The Offer Rate is negatively correlated, as expected, though the correlation becomes even stronger the more academically competitive the school becomes.

Based on my experience in college counseling, I am guessing that the 'U'-shaped distribution of Yield Rate against SAT Math (or Yield Rate against any other measure of academic competitiveness) can be explained using Apps per Applicant. My hypothesis is that Applicants with higher SAT scores submit more Applications to schools, especially to more competitive schools (so-called 'reach schools') in addition to easier schools around their competitive level ('match schools') and below ('safety schools').
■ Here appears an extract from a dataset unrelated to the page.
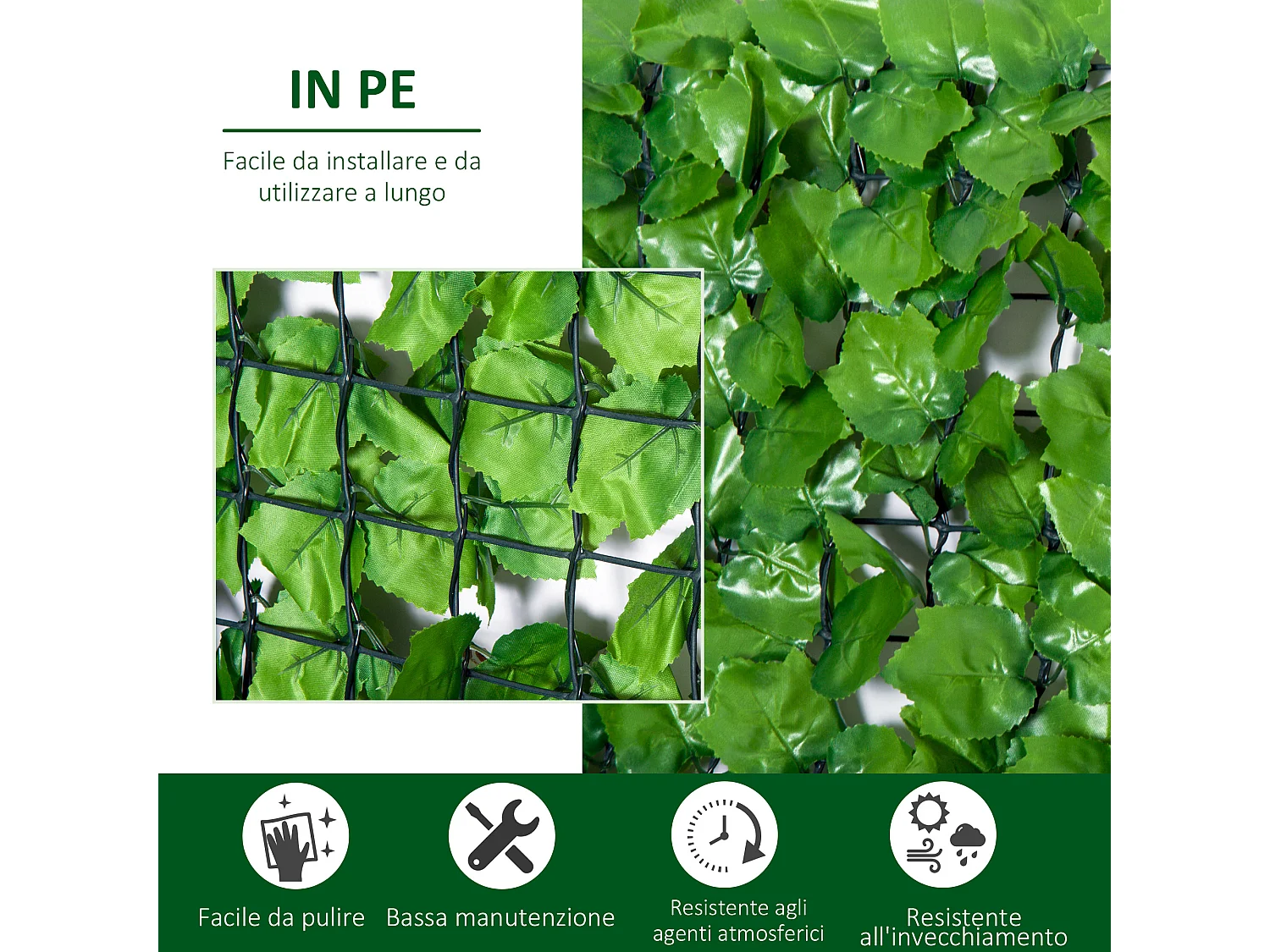 Rotolo di siepe artificiale per giardino 300x150cm in pe verde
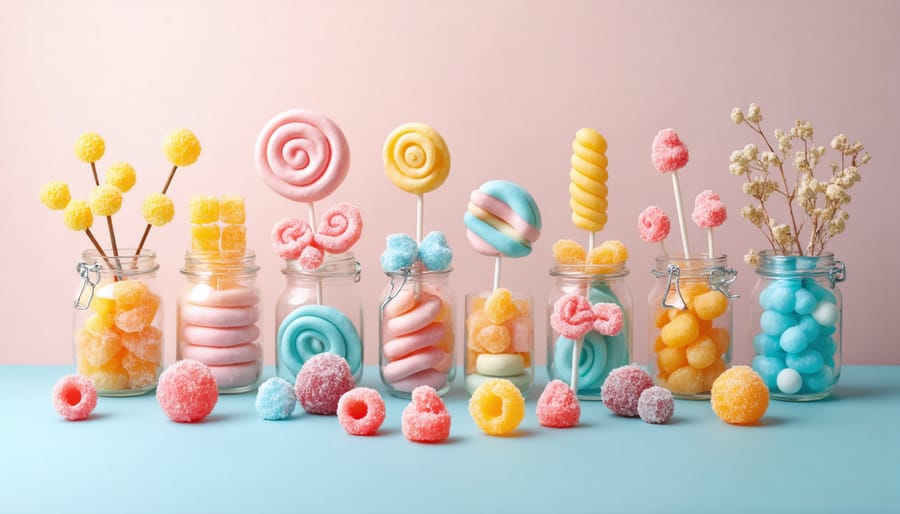 Artistic presentation of freeze-dried candies with pastel background and decorative props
Higher-scoring students applying to multiple academically competitive reach schools - as well as a few match/safety schools - might end up receiving only a single offer from a reach school, which they will accept, driving up that school's yield rate. Then they will decline the offers they received from their match/safety schools, driving down their yield rates.

For lower-scoring students only aiming for less academically competitive schools with already high offer rates, this strategy of peppering reach schools with many applications might make little sense. The most academically competitive schools are truly beyond any realistic reach and not worth applying, and any realistic schools in their academic range already have high enough offer rates to make it unnecessary to apply to more than a handful to ensure an enrollment somewhere. Since they've applied to less schools, they'll receive fewer offers, and have to turn down fewer schools.

From the point of view of the schools, the least competitive schools are receiving applications from students who are usually only applying to that school, or very few others, and thus the yield rate is high. On the opposite end of the spectrum, the most competitive schools are receiving one of many applications from students, but since the school is so academically competitive and desirable, the offer will likely be accepted, driving up the yield rate, too.

In the middle are the schools inundated with match/safety applications from academically competitive students. When these schools give out offers, they know that most of the applicants will turn them down if they are accepted at a more competitive school. This drives the yield rate down.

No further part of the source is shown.